The Second Week: What War Feels Like After the First Shock
- 3 hours ago
- 15 min read
The following are entries from my journal during the second week of the war with Iran. If you'd like to read the first installment of this series, click here.
3/7/26
Last night was terrible.
Here’s what the night looked like:
19:16 Incoming missile pre-alert
19:19 Rocket & missile fire
20:41 Rocket & missile fire
21:54 Pre-alert
21:56 Rocket & missile fire
00:32 Pre-alert
00:37 Rocket & missile fire
00:50 Event ends
4:56 Pre-alert
5:00 Rocket & missile fire
5:14 Event ends
6:20 Pre-alert
6:23 Rocket & missile fire
6:24 More rocket & missile fire
6:40 Event ends
11:23 Pre-alert
11:40 Event ends
Everyone was dead tired last night. Alex didn’t even bring his camera to the miklat.

It was very quiet in the miklat all through the night. We were all exhausted and just waiting to go back to bed. Maybe we'll get tired of seeing each other. I hope not. But I think it was just a hard night for everyone, and we were all cranky. At least, I definitely was. I don't like being around people when I haven't freshened up and gotten ready first, and with this war, that's definitely been a challenge. Alex is always nice and chipper, regardless of the time of day. That's a wonderful quality, and it's challenging at a time like this. So, good for him.
This morning, that final alert didn't culminate in any missile fire. Alex always jokes whenever someone goes to leave the miklat: "Two more minutes. Wait two more minutes. Maybe three." This morning, after eight minutes had passed since the pre-alert and there was no actual siren, I grabbed my bag and went to leave before everyone else. I passed Alex and said bye, and he said, "What's the reason?", as in, why am I leaving so early? I answered that there was no alarm, and I tried to joke about how I want to go home. But I'm not feeling funny today. I'm feeling tired. I'm tired of the alerts. I'm tired of the pigeon noises outside my window.
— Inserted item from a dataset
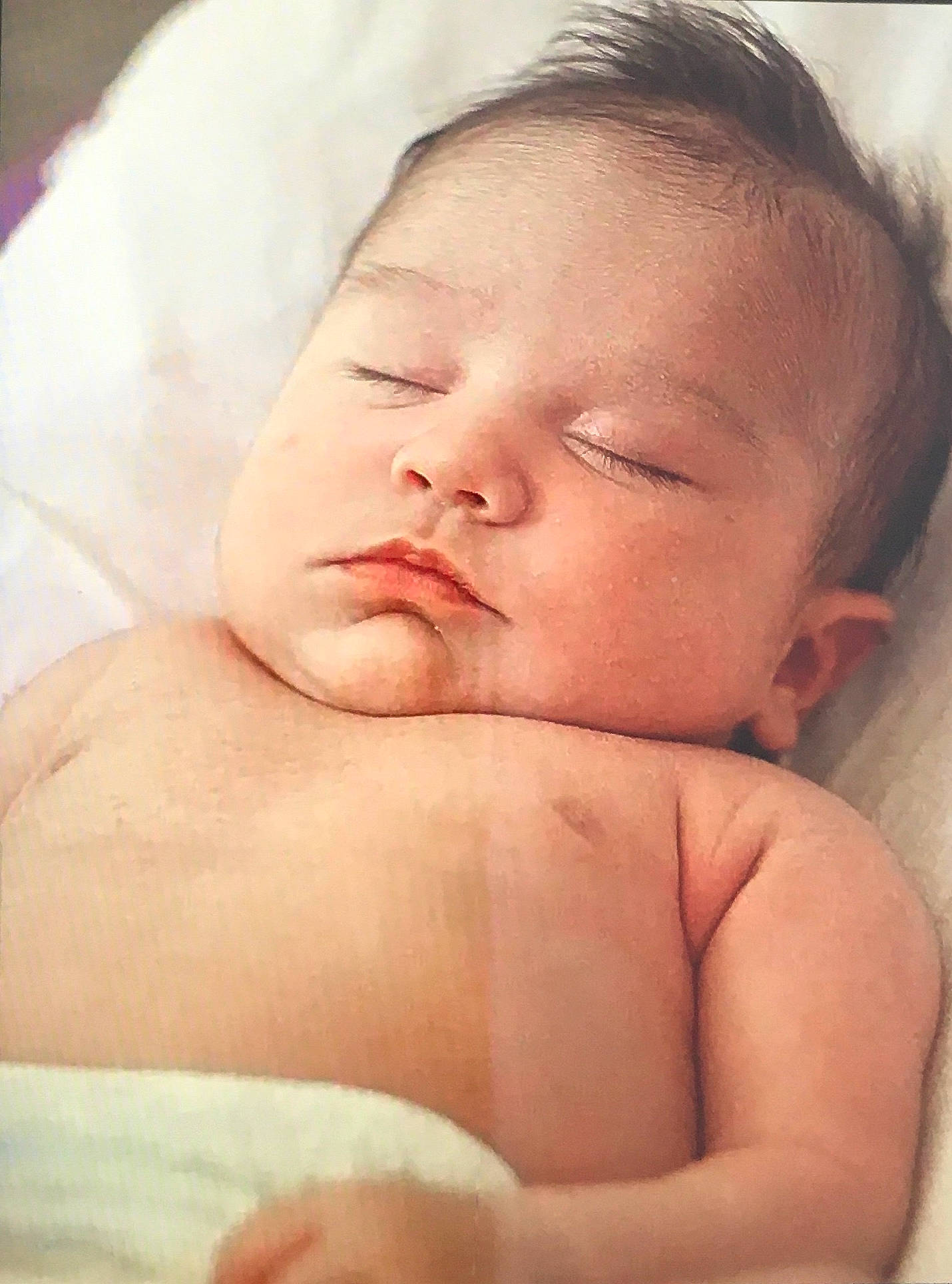 Brigitte participe au concours pour gagner de l'argent avec cette photo : baby, baby_sleeping, cheek, child, close_up, comfort, eyebrow, eyelash, finger, gesture, happy, iris, lip, mammal, mouth, neck, nose, person, skin, thumb
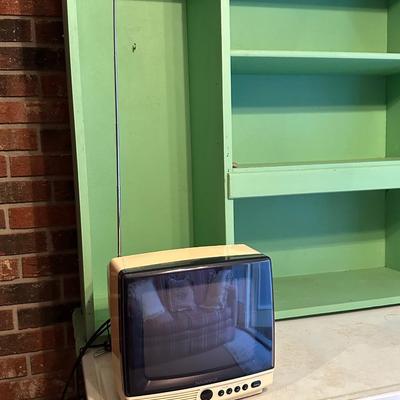 Magnavox Vintage Television with Remote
I want to be able to unpack my bag and live comfortably again.
Outbound flights are canceled through Sunday, including my best friend, Dan's. He apologized because he knew I really wanted to stay at his place (as I usually do whenever he flies to the US). But it's OK. It's not his fault. And I know it'll be better for him to stay here during wartime, to be with his three dogs. I'm glad for the support system I have in him being here. It is a bummer that I won't get to stay in Tel Aviv, in a change of scenery in a city I love. But war is a bummer (understatement of the year).
I’m just antsy. I’m itching to get out. I miss exercise. Dan is going to pick me up at 1:30 PM today. We’re going to go to the rooftop of WeWork. There’s a miklat there. We’re going to do pilates. And we’ll hang out. I told him I want to work on my photos at his place or wherever. It’ll just be good to get out and be with a friend. Being with my neighbors has been really nice, too. With Dan, I won’t have to hide my feelings or anything. I can just be who i am.
3/8
Yesterday, Dan and the girls came and got me. We went straight to WeWork to do pilates on the roof. We were the only ones there. It was shabbat during wartime. Quiet on top of silent. The building has everything you would need to live there: a kitchen, shower, workout room (the miklat was a dance studio/gym), nice bathrooms, a comfy couch.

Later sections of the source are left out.